The gathering, processing, piercing and stringing of these tiny shells is vastly time-consuming. The result is that they are greatly in demand by Polynesians, specially in Tahiti and Hawaii. The women of Mangaia often give these valuable artifacts away as gifts of friendship to visiting parties from other islands in the Cooks group. The casual purchaser may have difficulty buying a pupu hatband because they are often made to order and are not kept in stock (take no thought for the morrow!). Retail buyers are expected to pay at the handover point. Scarcity of material is also a problem during sustained dry spells.
Mangaia is very unlike Rarotonga or Aitutaki. It is very beautiful but it is not a 'soft' island. It has none of the sawtooth mountains which are so much a feature of Rarotonga nor the expansive blue lagoon and palm-fringed islets of Aitutaki. Some Mangaians believe, possibly with some justification, that many travel agents try to steer off-island tourists to Aitutaki. That may be because Aitutaki more perfectly fits the stereotype of what a south seas island should be, particularly to Europeans and North Americans. Or, perhaps the hotel rates are higher and therefore more attractive in terms of commission. However, Aitutaki is no longer quite as deserted as it used to be. It is being developed steadily and now has a new 180-room hotel complex on the drawing board. Tourism is an important component of its economy.
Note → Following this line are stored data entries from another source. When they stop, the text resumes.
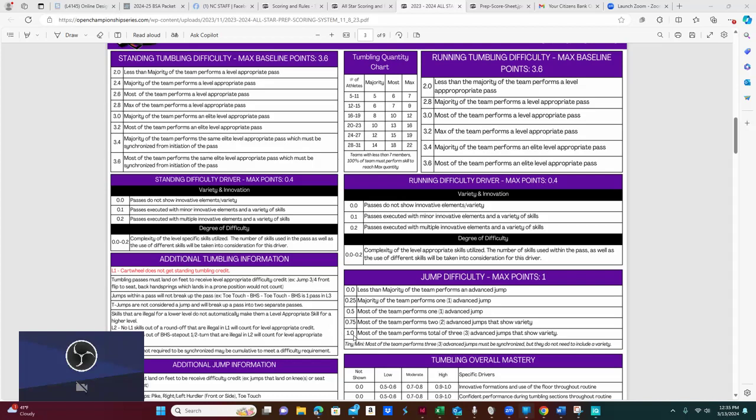So we are looking at jumps. If you remember over here on United, the jump max was 2.0. Over here on Open Championship, the max is 1.0. To get that max number, most of your team performs three advanced jumps that show variety. Variety means that the kids have to do three different jumps. They have to be three different ones. They can't be the three same jumps unless your team is a tiny or mini level team.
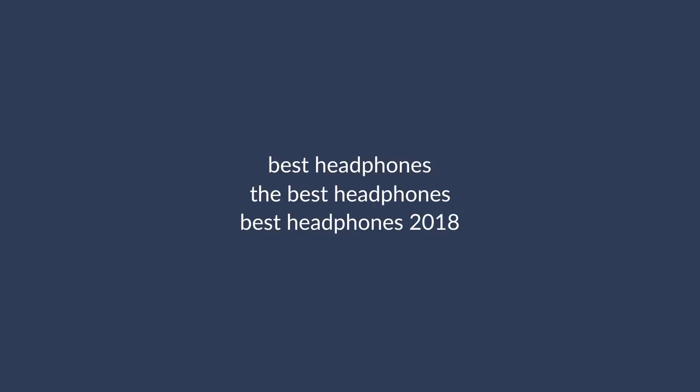Boom. So now we know that we can target these three keywords all within the same title without overdoing it since they flow naturally together. So the base of our title might be The Best Headphones 2018. Now, this title isn't exactly click-worthy, so let's put our heads together and take this title one step further.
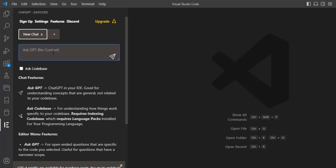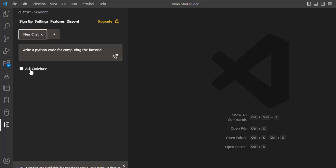Let's decide what we want. For example, write Python code for computing the factorial. Let's ask for this.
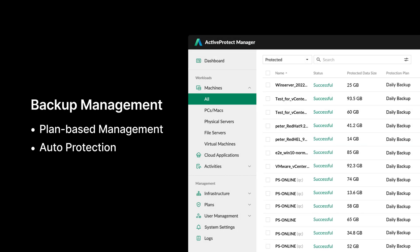ActiveProtect keeps management simple by letting you easily customize protection plans to match your backup needs and manage all workloads with backup plans tailored to your SLA demands. Additionally, when a new account is added to the group, the system automatically starts scheduling backups based on the auto-protection rules. This ensures seamless data protection and prevents data silos caused by organizational changes.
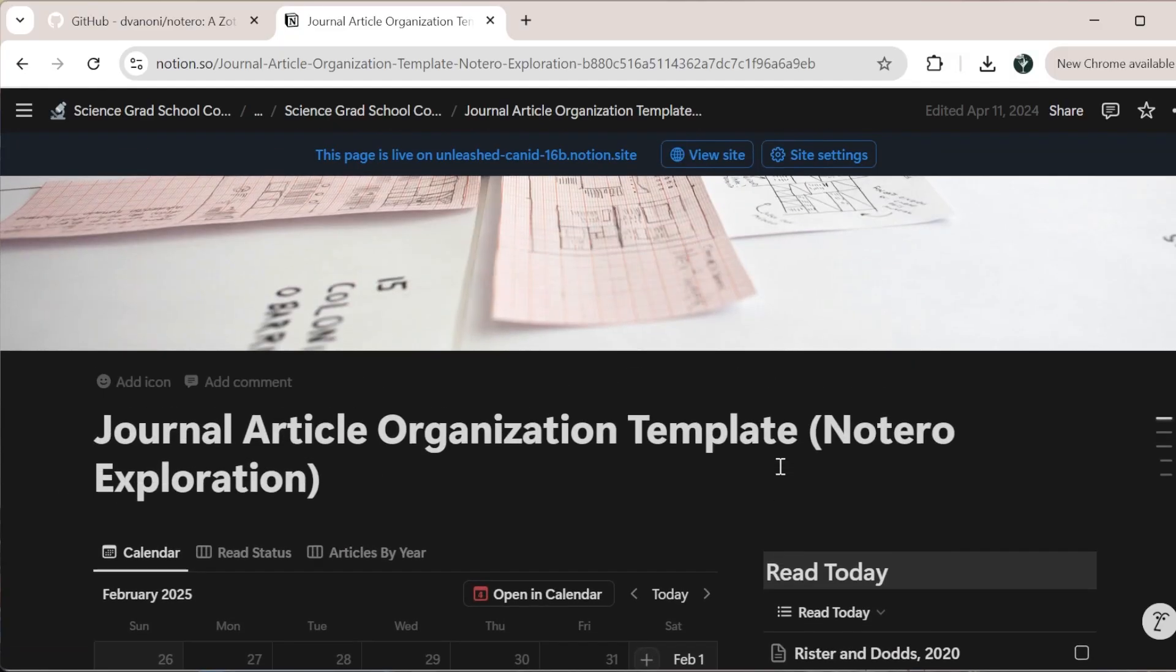If you're interested in any of this, I will leave the link below to both the GitHub to be able to download the XPI file and to my organization template that works with Notaro. I hope you enjoyed this video and I look forward to seeing you in the next one.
Mangaia has a population of only 1104, down from 2000 in 1966. Resources are limited and people do not have the luxury of specialising. The ubiquitous Babe, for instance, as well as owning Babe's Place, runs five shops, a liquor store and a gas station. The people of Mangaia also are unlike other islanders. They are friendly and charming despite straitened economic circumstances and a steady drain of population away to New Zealand. But they have a reputation for being hard workers and one gets the impression they are used to standing on their own feet and coping with their problems without continually holding out their hands to Government.
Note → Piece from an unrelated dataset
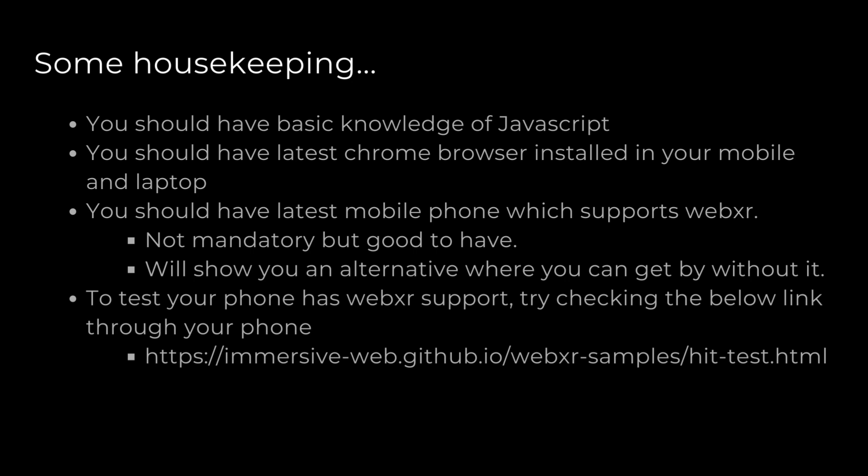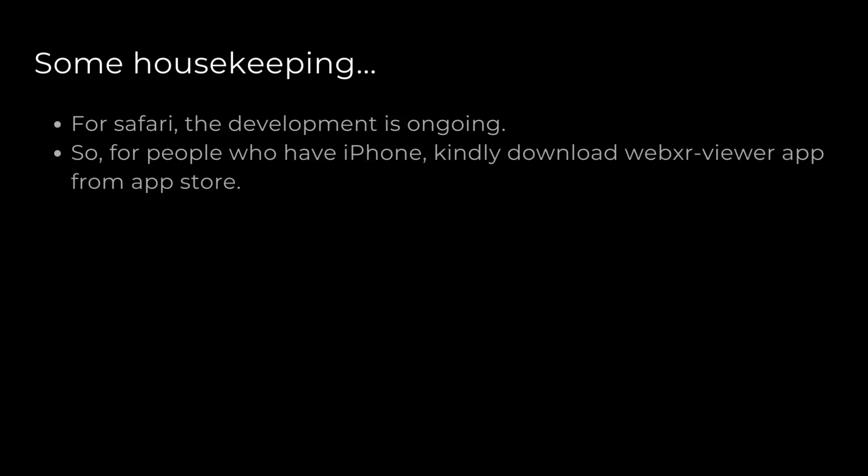For people who have iPhones, there's a different app called WebXR Viewer. This is provided by Mozilla in the App Store and is freely available, so you can download it and try out whatever we're going to be building throughout these upcoming three videos.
Also, since tourism is not a significant industry they are forced to make do with their own resources. There is some local carving particularly of calcite. A popular artifact is the Mangaian stone pounder, or pestle, used to smash the fibrous root of the taro. In ancient days the Mangaians were famous makers of stone-headed adzes with intricately carved wooden handles featuring a distinctive double-k design.
Local government is run on a communal basis and is administered by various district "kavanas", a loan word from the English "governor". Once a year each village holds a meeting attended by everyone to hear discussion and to decide on plans for the coming year for planting and other important issues. Mangaia has its own Queen with a palace in Oneroa. But she prefers to live with her family in more modest surroundings in Tamarua.
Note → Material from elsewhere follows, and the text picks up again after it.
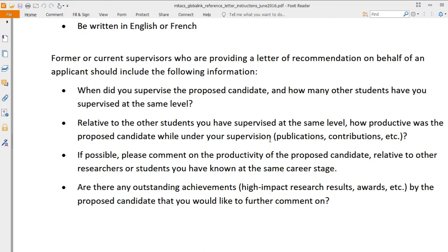The supervisor should write constructive comments about your contributions to their group — what you actually did and how many students were in the class or group. If possible, they should comment on your productivity relative to other researchers or students they have known at the same career stage, including seniors or graduates from your institute.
Perhaps an indicator of the Mangaian reputation for self-help is the large concrete tablet outside Mangaia College up on the makatea just north of Oneroa. This consists of a horizontal bas-relief map of the world. The inscription at its foot says: "The world at our feet. 'The Maori can achieve anything the papa'a (white man) can but to do this he must work! work! work!' Terangi Hiroa, May 1960."
Air Rarotonga flies regularly to Mangaia.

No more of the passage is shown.